A che punto siamo con la transizione energetica?

In Italia, ad una fase di stallo. Secondo i dati Terna, nel nostro Paese, nel 2019, la produzione delle fonti rinnovabili è stata di circa 112.893 GWh, cioè in crescita dell’1,3% rispetto al 2018 (111.489 GWh). Non abbastanza.

A cinque anni dagli accordi di Parigi, al momento l’equazione è ancora attenzione all’ambiente = sviluppo dei processi di transizione energetica. Danimarca e Nuova Zelanda continuano a detenere il primato, ma il resto dei Paesi del mondo è ben lontano dal limitare fortemente l’immissione di carbonio nell’atmosfera.

Uno sviluppo reale dei processi di transizione energetica si scontra, inoltre, con la perdita dei posti di lavoro strettamente legati alla produzione di energia da fonti fossili. Nella parte polacca della Slesia, al confine con Germania e Repubblica Ceca, la Commissione Europea ha stimato che la decarbonizzazione potrebbe costare la perdita di 78 mila posti di lavoro, legati alla filiera dell’estrazione e dell’uso del carbone.

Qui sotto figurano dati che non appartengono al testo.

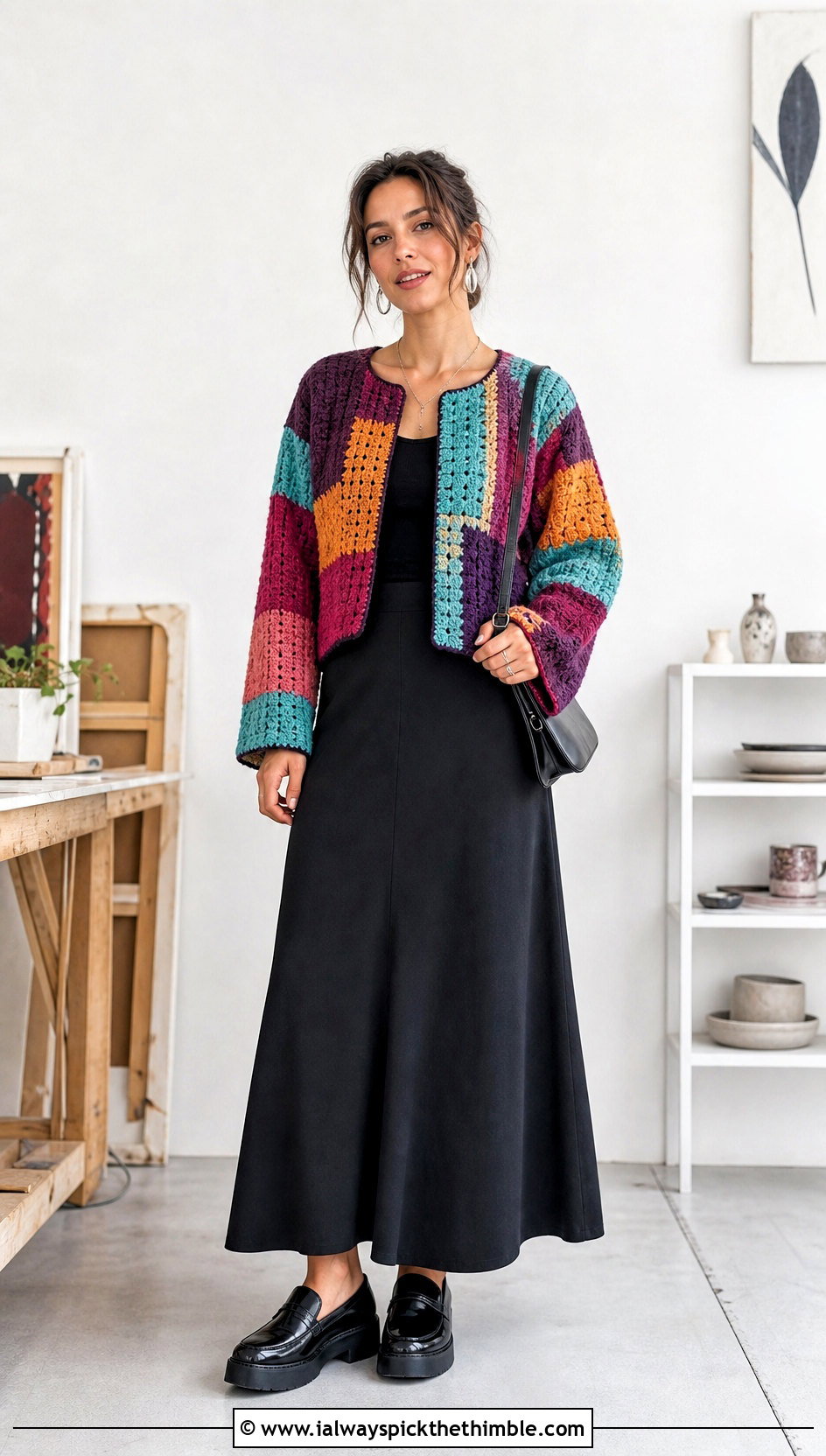 Patchwork Crochet Jacket With Black Maxi Skirt - 20 crochet jacket for women outfit ideas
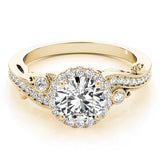 14K Yellow Gold 1.33ctw Round Diamond Halo Ring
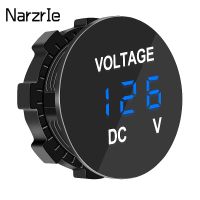 Mini Round Waterproof Motorboat Motorcycle DC 12V 24V LED Panel Digital Voltmeter Tester Monitor Display Voltmeter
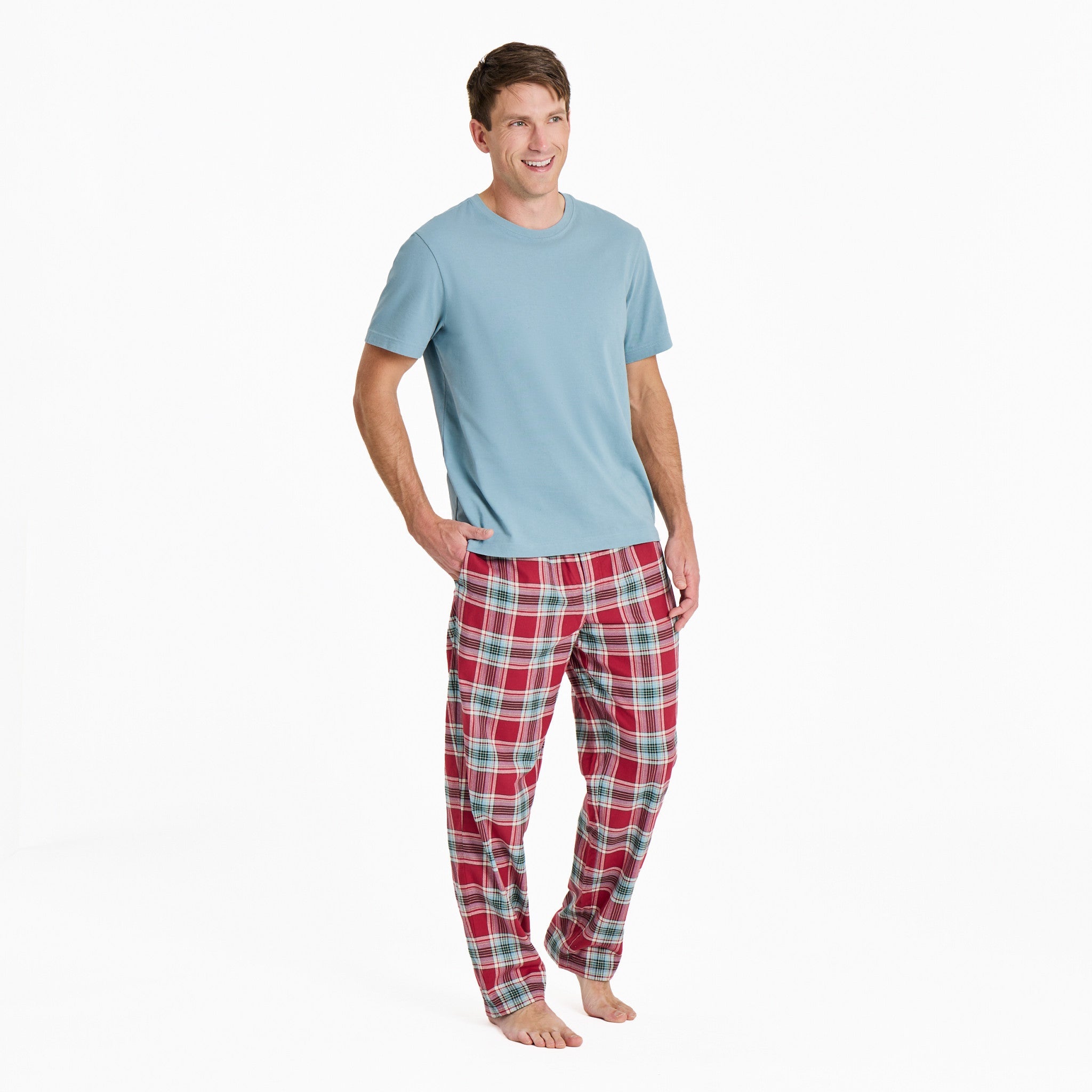 Men's Adirondack Red Holiday Plaid Classic Sleep Pant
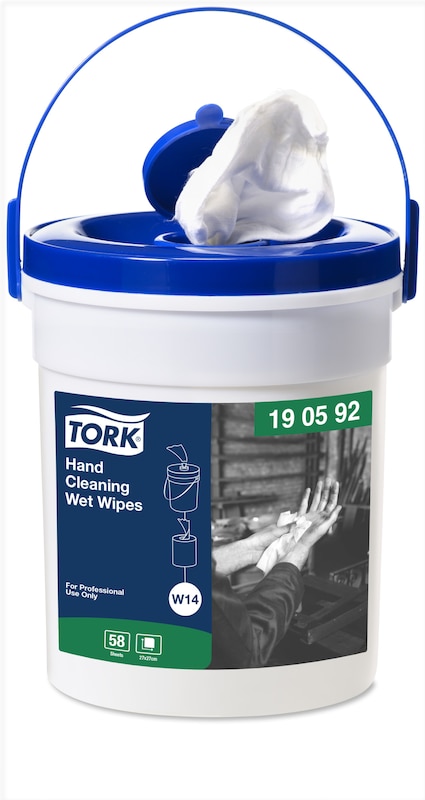 Levně 190592 Tork vlhčené utěrky na ruce Handy Bucket, bílé, 58 utěrek, 27 x 27 cm (WET WIPE), W14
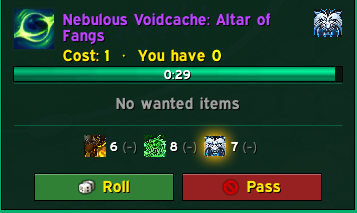 Bonus roll window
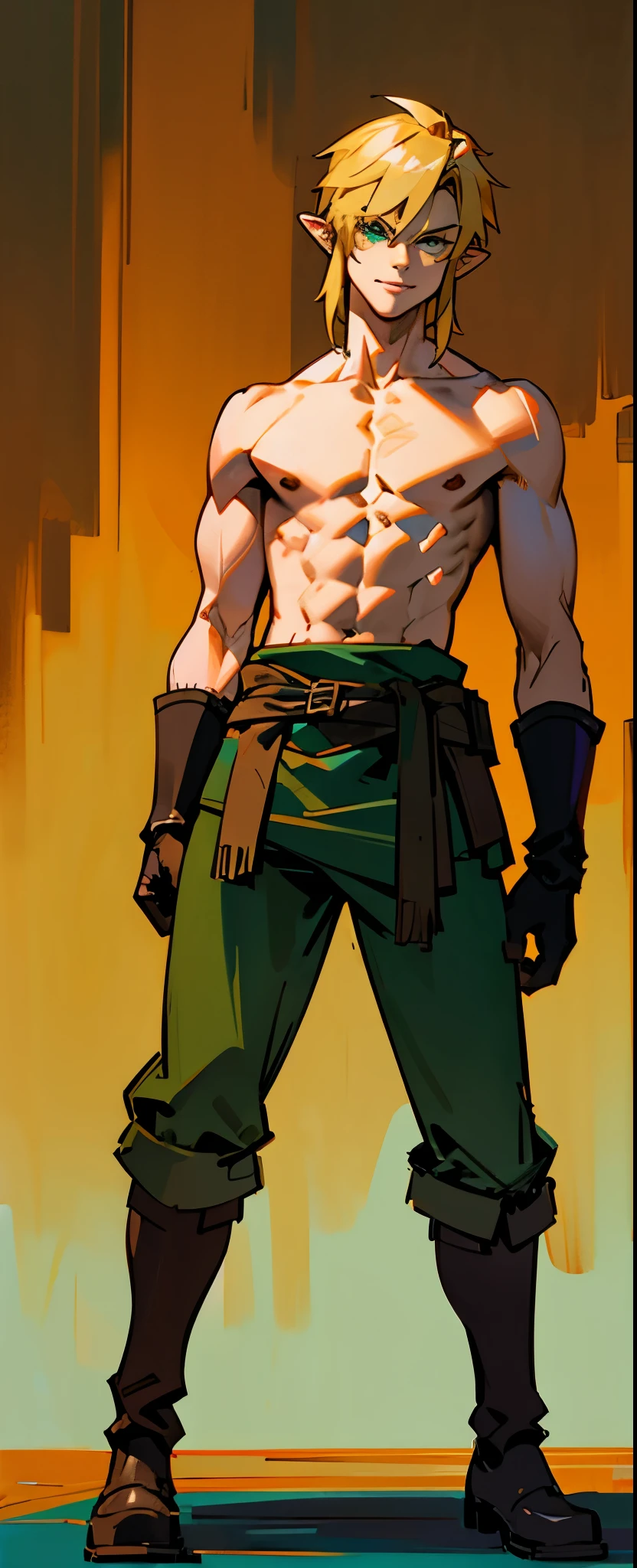 blond, tall, green-eyed guy, viking style, russian hero style, strong,  anime style, anime  , link, ( short gloves), standing, (topless:1.3), demigod , (muscular:0.5)(from above:0.1),(sport:0.2), (empty dojo),(smiling:0.2), (dominant),(evil:0.6)(confident)(sadistic)(adult:1.5)(masculine:1.2)(slender:0.2)(from below:0.3)(powerful)(looking at viewer)(pants)(raised eyebrows:0.2)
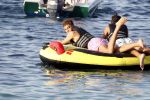 ibiza 5 augustus 2015
Lilly Becker en haar zoon en de zonen van Boris Becker op het strand van Cala Bassa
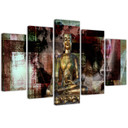 5 stykke lærredstryk Buddha Golden Abstraktion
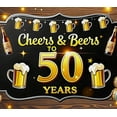 thumbnail image 4 of Black Background Cheers Beers 50 Years Banner Party Supplies Backdrop Decorations for Milestone Birthday Celebrations Anniversary Parties Photo Booth Props Event Decor, 4 of 6
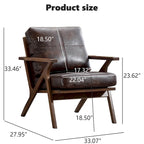 Fauteuil en cuir rembourré (cadre en bois massif, coussin amovible)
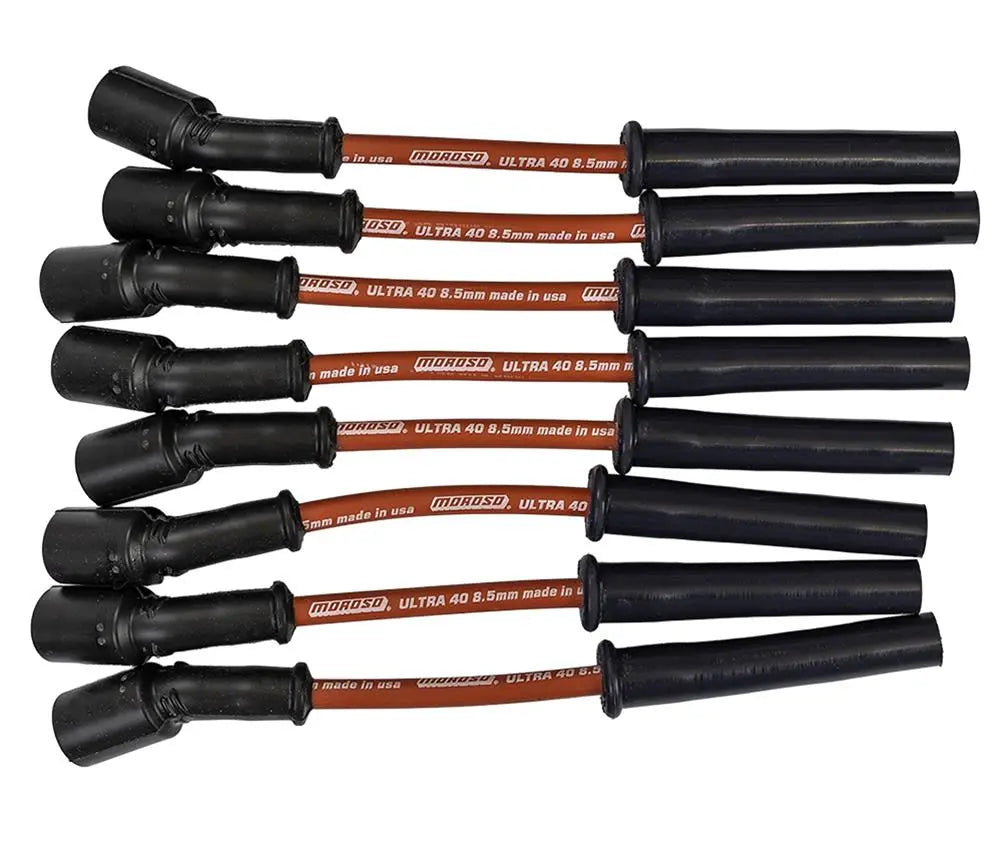 Moroso GM LS 5.7L/6.0L/6.2L/7.0L Ultra 40 8.5mm Multi-Angle Boot Ignition Spark Plug Wire Set - Red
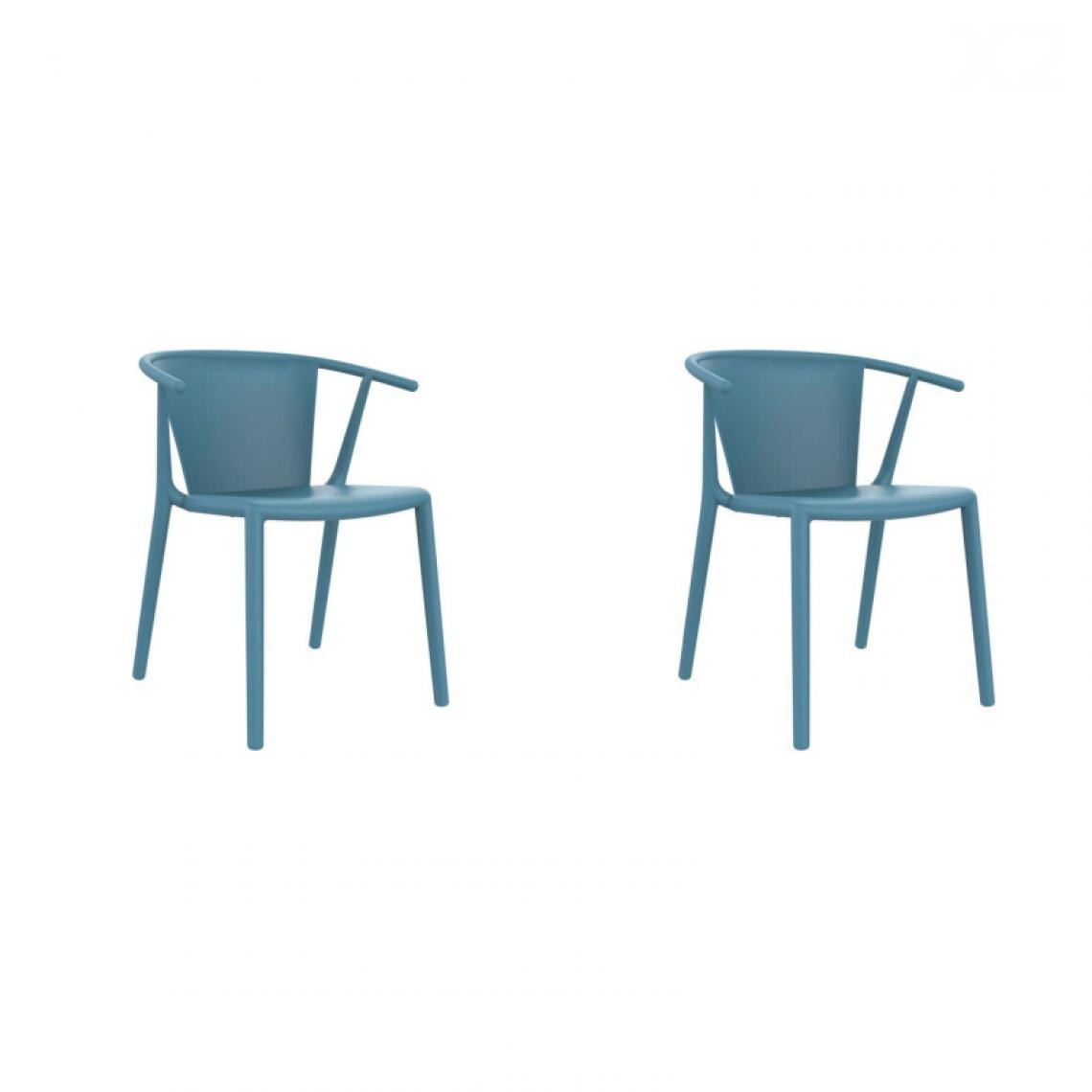 Resol - Set 2 Chaise Steely - RESOL - Bleu RétroFibre de verre, Polypropylène - Chaises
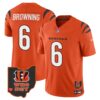Men’s Bengals Ohio Patch Vapor Limited Jersey V2 – All Stitched – Orange – Jake Browning
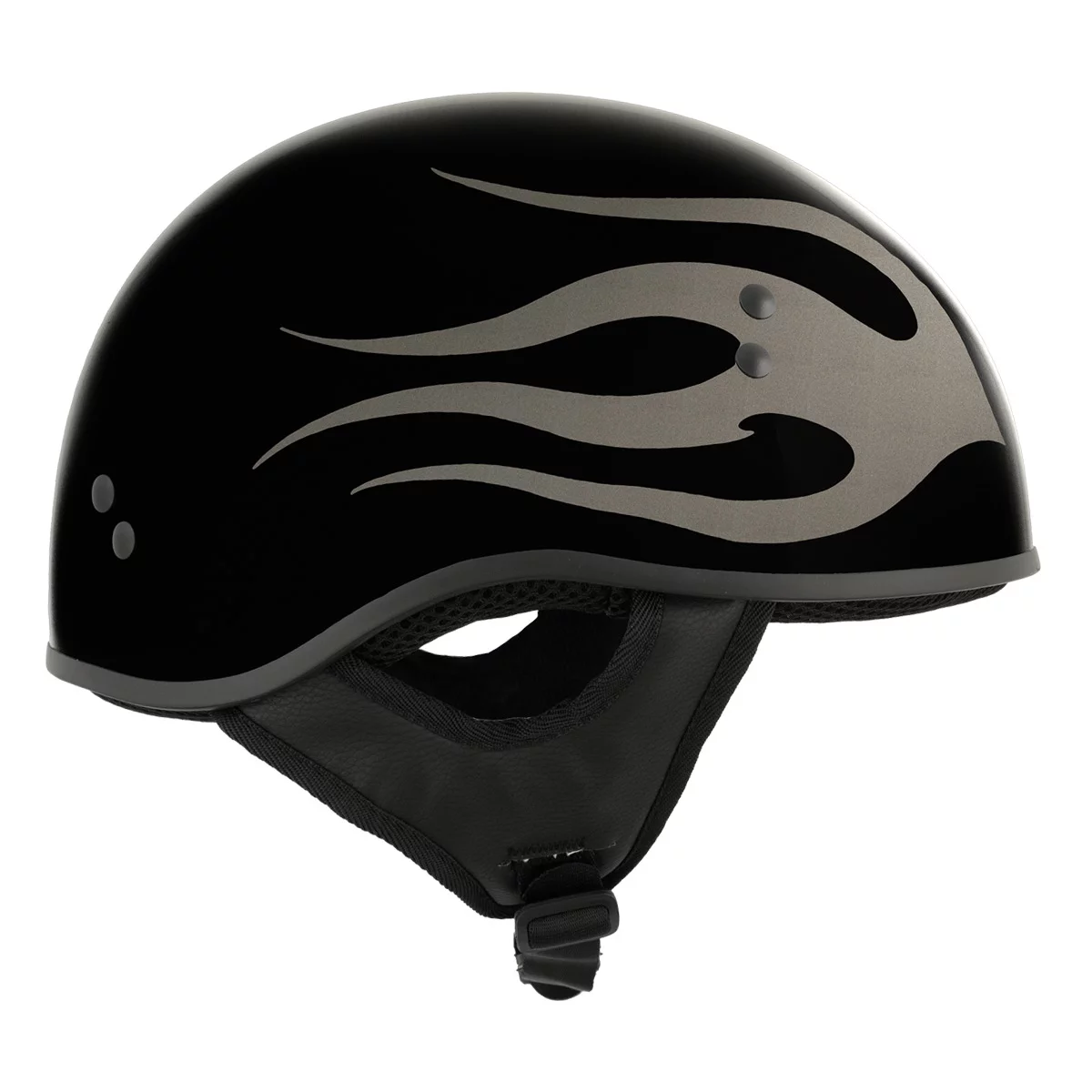 Hot Leathers HLD1036 'Flames' Gloss Black Motorcycle DOT Approved Skull Cap Half Helmet for Men and Women Biker X-Large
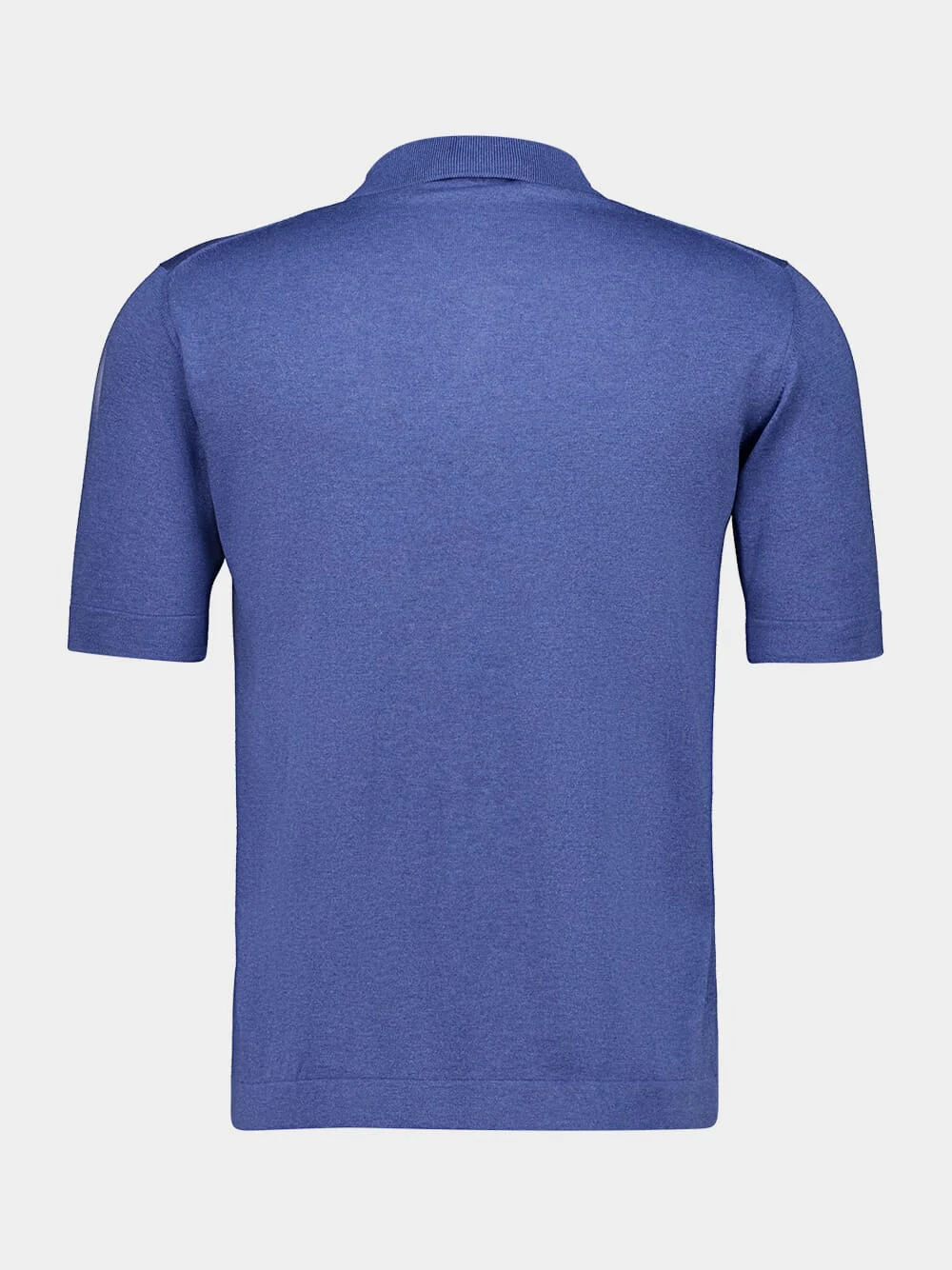 Blue Silk and Cotton Polo Shirt - Image 2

Anche per questo, l’Unione Europea è stata tra i primi soggetti a essersi mossa in questa direzione. Nell’ambito dello European Green Deal è stato presentato un programma per la Just Transition con un fondo per mobilitare oltre 150 miliardi di euro tra il 2021 e il 2027 e organizzare la transizione energetica in modo bilanciato. Lo scopo è naturalmente far sì che il passaggio verso “un’economia climaticamente neutra avvenga in modo equo e non lasci indietro nessuno”. Di fatto un sostegno per tutte le industrie e le filiere produttive a elevate emissioni di anidride carbonica e altri inquinanti, che verrebbero naturalmente penalizzate. Il solo settore del carbone impiega oggi 230 mila persone, distribuite in 11 Paesi della Ue (dati aggiornati al 2020).